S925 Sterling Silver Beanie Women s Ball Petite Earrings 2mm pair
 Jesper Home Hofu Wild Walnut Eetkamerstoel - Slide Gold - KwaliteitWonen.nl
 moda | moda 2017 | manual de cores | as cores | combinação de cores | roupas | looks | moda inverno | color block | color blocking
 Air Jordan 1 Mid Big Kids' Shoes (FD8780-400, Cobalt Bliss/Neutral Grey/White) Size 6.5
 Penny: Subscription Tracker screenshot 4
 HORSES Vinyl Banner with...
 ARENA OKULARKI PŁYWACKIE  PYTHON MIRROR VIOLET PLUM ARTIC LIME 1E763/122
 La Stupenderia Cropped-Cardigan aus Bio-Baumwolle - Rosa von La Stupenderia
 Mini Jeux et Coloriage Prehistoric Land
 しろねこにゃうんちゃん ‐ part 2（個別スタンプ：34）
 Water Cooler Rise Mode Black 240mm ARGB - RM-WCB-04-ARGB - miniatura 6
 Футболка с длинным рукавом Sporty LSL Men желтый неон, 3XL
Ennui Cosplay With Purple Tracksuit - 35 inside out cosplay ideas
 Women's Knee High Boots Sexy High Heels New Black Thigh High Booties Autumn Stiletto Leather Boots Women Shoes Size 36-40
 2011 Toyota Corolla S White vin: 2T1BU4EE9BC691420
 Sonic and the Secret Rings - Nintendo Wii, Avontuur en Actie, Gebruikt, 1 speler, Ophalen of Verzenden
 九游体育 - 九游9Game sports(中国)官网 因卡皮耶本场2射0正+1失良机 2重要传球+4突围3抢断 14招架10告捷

> _Task prompt_:
Reproduce each entry above. Every word must match.

> _Exercise solution_:
S925 Sterling Silver Beanie Women s Ball Petite Earrings 2mm pair
 Jesper Home Hofu Wild Walnut Eetkamerstoel - Slide Gold - KwaliteitWonen.nl
 moda | moda 2017 | manual de cores | as cores | combinação de cores | roupas | looks | moda inverno | color block | color blocking
 Air Jordan 1 Mid Big Kids' Shoes (FD8780-400, Cobalt Bliss/Neutral Grey/White) Size 6.5
 Penny: Subscription Tracker screenshot 4
 HORSES Vinyl Banner with...
 ARENA OKULARKI PŁYWACKIE  PYTHON MIRROR VIOLET PLUM ARTIC LIME 1E763/122
 La Stupenderia Cropped-Cardigan aus Bio-Baumwolle - Rosa von La Stupenderia
 Mini Jeux et Coloriage Prehistoric Land
 しろねこにゃうんちゃん ‐ part 2（個別スタンプ：34）
 Water Cooler Rise Mode Black 240mm ARGB - RM-WCB-04-ARGB - miniatura 6
 Футболка с длинным рукавом Sporty LSL Men желтый неон, 3XL
Ennui Cosplay With Purple Tracksuit - 35 inside out cosplay ideas
 Women's Knee High Boots Sexy High Heels New Black Thigh High Booties Autumn Stiletto Leather Boots Women Shoes Size 36-40
 2011 Toyota Corolla S White vin: 2T1BU4EE9BC691420
 Sonic and the Secret Rings - Nintendo Wii, Avontuur en Actie, Gebruikt, 1 speler, Ophalen of Verzenden
 九游体育 - 九游9Game sports(中国)官网 因卡皮耶本场2射0正+1失良机 2重要传球+4突围3抢断 14招架10告捷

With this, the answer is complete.